ACTION ITEM
Could you retype all of the data below exactly as given?
━━ DATA FOR PROCESSING
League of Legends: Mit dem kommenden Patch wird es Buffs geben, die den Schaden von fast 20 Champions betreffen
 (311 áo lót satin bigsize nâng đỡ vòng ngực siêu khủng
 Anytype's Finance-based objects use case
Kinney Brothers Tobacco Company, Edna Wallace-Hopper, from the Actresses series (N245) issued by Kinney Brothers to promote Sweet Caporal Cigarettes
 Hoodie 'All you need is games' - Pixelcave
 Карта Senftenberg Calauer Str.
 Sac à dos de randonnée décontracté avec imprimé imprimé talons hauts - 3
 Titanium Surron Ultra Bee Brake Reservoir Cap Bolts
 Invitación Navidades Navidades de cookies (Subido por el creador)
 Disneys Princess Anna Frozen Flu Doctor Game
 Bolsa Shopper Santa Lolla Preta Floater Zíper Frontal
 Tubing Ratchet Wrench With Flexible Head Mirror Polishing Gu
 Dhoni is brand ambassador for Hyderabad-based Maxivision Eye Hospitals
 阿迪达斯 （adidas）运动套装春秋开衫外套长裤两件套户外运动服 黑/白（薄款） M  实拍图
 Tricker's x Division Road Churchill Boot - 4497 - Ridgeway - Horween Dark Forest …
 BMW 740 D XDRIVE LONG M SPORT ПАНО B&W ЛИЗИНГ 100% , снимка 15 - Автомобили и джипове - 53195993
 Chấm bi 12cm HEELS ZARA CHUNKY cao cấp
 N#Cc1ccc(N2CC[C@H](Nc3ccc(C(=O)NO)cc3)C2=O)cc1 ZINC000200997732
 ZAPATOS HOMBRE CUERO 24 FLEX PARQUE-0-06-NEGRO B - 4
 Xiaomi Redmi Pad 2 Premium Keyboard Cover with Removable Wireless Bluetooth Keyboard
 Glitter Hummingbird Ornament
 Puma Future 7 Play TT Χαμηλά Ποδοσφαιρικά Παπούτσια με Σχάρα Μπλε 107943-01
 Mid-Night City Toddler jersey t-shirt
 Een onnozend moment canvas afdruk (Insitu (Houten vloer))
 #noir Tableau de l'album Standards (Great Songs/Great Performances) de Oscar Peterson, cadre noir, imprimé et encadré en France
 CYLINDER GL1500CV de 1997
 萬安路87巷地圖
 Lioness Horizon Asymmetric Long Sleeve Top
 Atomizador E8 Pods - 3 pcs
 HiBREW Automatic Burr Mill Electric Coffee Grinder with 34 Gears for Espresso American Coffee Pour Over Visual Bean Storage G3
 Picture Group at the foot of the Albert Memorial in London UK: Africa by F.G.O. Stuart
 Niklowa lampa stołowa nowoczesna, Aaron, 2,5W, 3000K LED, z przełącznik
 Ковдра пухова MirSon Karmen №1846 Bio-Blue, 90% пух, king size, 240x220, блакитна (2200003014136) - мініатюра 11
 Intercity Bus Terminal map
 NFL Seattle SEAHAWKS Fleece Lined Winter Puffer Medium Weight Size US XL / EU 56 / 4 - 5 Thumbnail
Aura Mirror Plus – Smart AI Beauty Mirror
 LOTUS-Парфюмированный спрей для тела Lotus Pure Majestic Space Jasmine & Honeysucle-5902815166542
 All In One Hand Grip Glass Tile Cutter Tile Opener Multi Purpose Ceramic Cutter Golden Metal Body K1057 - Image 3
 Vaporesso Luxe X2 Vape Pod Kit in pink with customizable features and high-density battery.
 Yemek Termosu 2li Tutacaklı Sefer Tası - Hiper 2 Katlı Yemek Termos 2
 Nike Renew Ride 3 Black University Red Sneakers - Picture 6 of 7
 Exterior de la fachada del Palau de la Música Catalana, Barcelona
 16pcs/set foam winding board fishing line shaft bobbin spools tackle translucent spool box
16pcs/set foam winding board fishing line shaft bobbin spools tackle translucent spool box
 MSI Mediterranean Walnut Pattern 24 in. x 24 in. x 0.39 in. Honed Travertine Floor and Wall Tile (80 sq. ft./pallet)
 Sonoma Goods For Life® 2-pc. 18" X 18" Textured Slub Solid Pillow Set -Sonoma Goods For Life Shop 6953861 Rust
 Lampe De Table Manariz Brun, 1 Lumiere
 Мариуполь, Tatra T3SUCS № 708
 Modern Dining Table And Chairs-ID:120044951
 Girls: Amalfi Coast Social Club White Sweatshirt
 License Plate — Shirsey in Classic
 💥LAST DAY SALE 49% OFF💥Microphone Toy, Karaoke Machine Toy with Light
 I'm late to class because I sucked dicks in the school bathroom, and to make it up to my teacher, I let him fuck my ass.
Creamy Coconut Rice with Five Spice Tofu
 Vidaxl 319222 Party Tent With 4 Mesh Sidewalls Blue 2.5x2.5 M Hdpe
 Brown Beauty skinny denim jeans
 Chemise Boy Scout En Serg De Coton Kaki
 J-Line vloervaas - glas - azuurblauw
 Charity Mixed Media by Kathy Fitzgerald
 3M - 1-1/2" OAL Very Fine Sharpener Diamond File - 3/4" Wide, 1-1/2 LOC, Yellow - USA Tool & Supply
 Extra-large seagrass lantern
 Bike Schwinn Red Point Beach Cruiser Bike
━━━━
EXERCISE SOLUTION
League of Legends: Mit dem kommenden Patch wird es Buffs geben, die den Schaden von fast 20 Champions betreffen
 (311 áo lót satin bigsize nâng đỡ vòng ngực siêu khủng
 Anytype's Finance-based objects use case
Kinney Brothers Tobacco Company, Edna Wallace-Hopper, from the Actresses series (N245) issued by Kinney Brothers to promote Sweet Caporal Cigarettes
 Hoodie 'All you need is games' - Pixelcave
 Карта Senftenberg Calauer Str.
 Sac à dos de randonnée décontracté avec imprimé imprimé talons hauts - 3
 Titanium Surron Ultra Bee Brake Reservoir Cap Bolts
 Invitación Navidades Navidades de cookies (Subido por el creador)
 Disneys Princess Anna Frozen Flu Doctor Game
 Bolsa Shopper Santa Lolla Preta Floater Zíper Frontal
 Tubing Ratchet Wrench With Flexible Head Mirror Polishing Gu
 Dhoni is brand ambassador for Hyderabad-based Maxivision Eye Hospitals
 阿迪达斯 （adidas）运动套装春秋开衫外套长裤两件套户外运动服 黑/白（薄款） M  实拍图
 Tricker's x Division Road Churchill Boot - 4497 - Ridgeway - Horween Dark Forest …
 BMW 740 D XDRIVE LONG M SPORT ПАНО B&W ЛИЗИНГ 100% , снимка 15 - Автомобили и джипове - 53195993
 Chấm bi 12cm HEELS ZARA CHUNKY cao cấp
 N#Cc1ccc(N2CC[C@H](Nc3ccc(C(=O)NO)cc3)C2=O)cc1 ZINC000200997732
 ZAPATOS HOMBRE CUERO 24 FLEX PARQUE-0-06-NEGRO B - 4
 Xiaomi Redmi Pad 2 Premium Keyboard Cover with Removable Wireless Bluetooth Keyboard
 Glitter Hummingbird Ornament
 Puma Future 7 Play TT Χαμηλά Ποδοσφαιρικά Παπούτσια με Σχάρα Μπλε 107943-01
 Mid-Night City Toddler jersey t-shirt
 Een onnozend moment canvas afdruk (Insitu (Houten vloer))
 #noir Tableau de l'album Standards (Great Songs/Great Performances) de Oscar Peterson, cadre noir, imprimé et encadré en France
 CYLINDER GL1500CV de 1997
 萬安路87巷地圖
 Lioness Horizon Asymmetric Long Sleeve Top
 Atomizador E8 Pods - 3 pcs
 HiBREW Automatic Burr Mill Electric Coffee Grinder with 34 Gears for Espresso American Coffee Pour Over Visual Bean Storage G3
 Picture Group at the foot of the Albert Memorial in London UK: Africa by F.G.O. Stuart
 Niklowa lampa stołowa nowoczesna, Aaron, 2,5W, 3000K LED, z przełącznik
 Ковдра пухова MirSon Karmen №1846 Bio-Blue, 90% пух, king size, 240x220, блакитна (2200003014136) - мініатюра 11
 Intercity Bus Terminal map
 NFL Seattle SEAHAWKS Fleece Lined Winter Puffer Medium Weight Size US XL / EU 56 / 4 - 5 Thumbnail
Aura Mirror Plus – Smart AI Beauty Mirror
 LOTUS-Парфюмированный спрей для тела Lotus Pure Majestic Space Jasmine & Honeysucle-5902815166542
 All In One Hand Grip Glass Tile Cutter Tile Opener Multi Purpose Ceramic Cutter Golden Metal Body K1057 - Image 3
 Vaporesso Luxe X2 Vape Pod Kit in pink with customizable features and high-density battery.
 Yemek Termosu 2li Tutacaklı Sefer Tası - Hiper 2 Katlı Yemek Termos 2
 Nike Renew Ride 3 Black University Red Sneakers - Picture 6 of 7
 Exterior de la fachada del Palau de la Música Catalana, Barcelona
 16pcs/set foam winding board fishing line shaft bobbin spools tackle translucent spool box
16pcs/set foam winding board fishing line shaft bobbin spools tackle translucent spool box
 MSI Mediterranean Walnut Pattern 24 in. x 24 in. x 0.39 in. Honed Travertine Floor and Wall Tile (80 sq. ft./pallet)
 Sonoma Goods For Life® 2-pc. 18" X 18" Textured Slub Solid Pillow Set -Sonoma Goods For Life Shop 6953861 Rust
 Lampe De Table Manariz Brun, 1 Lumiere
 Мариуполь, Tatra T3SUCS № 708
 Modern Dining Table And Chairs-ID:120044951
 Girls: Amalfi Coast Social Club White Sweatshirt
 License Plate — Shirsey in Classic
 💥LAST DAY SALE 49% OFF💥Microphone Toy, Karaoke Machine Toy with Light
 I'm late to class because I sucked dicks in the school bathroom, and to make it up to my teacher, I let him fuck my ass.
Creamy Coconut Rice with Five Spice Tofu
 Vidaxl 319222 Party Tent With 4 Mesh Sidewalls Blue 2.5x2.5 M Hdpe
 Brown Beauty skinny denim jeans
 Chemise Boy Scout En Serg De Coton Kaki
 J-Line vloervaas - glas - azuurblauw
 Charity Mixed Media by Kathy Fitzgerald
 3M - 1-1/2" OAL Very Fine Sharpener Diamond File - 3/4" Wide, 1-1/2 LOC, Yellow - USA Tool & Supply
 Extra-large seagrass lantern
 Bike Schwinn Red Point Beach Cruiser Bike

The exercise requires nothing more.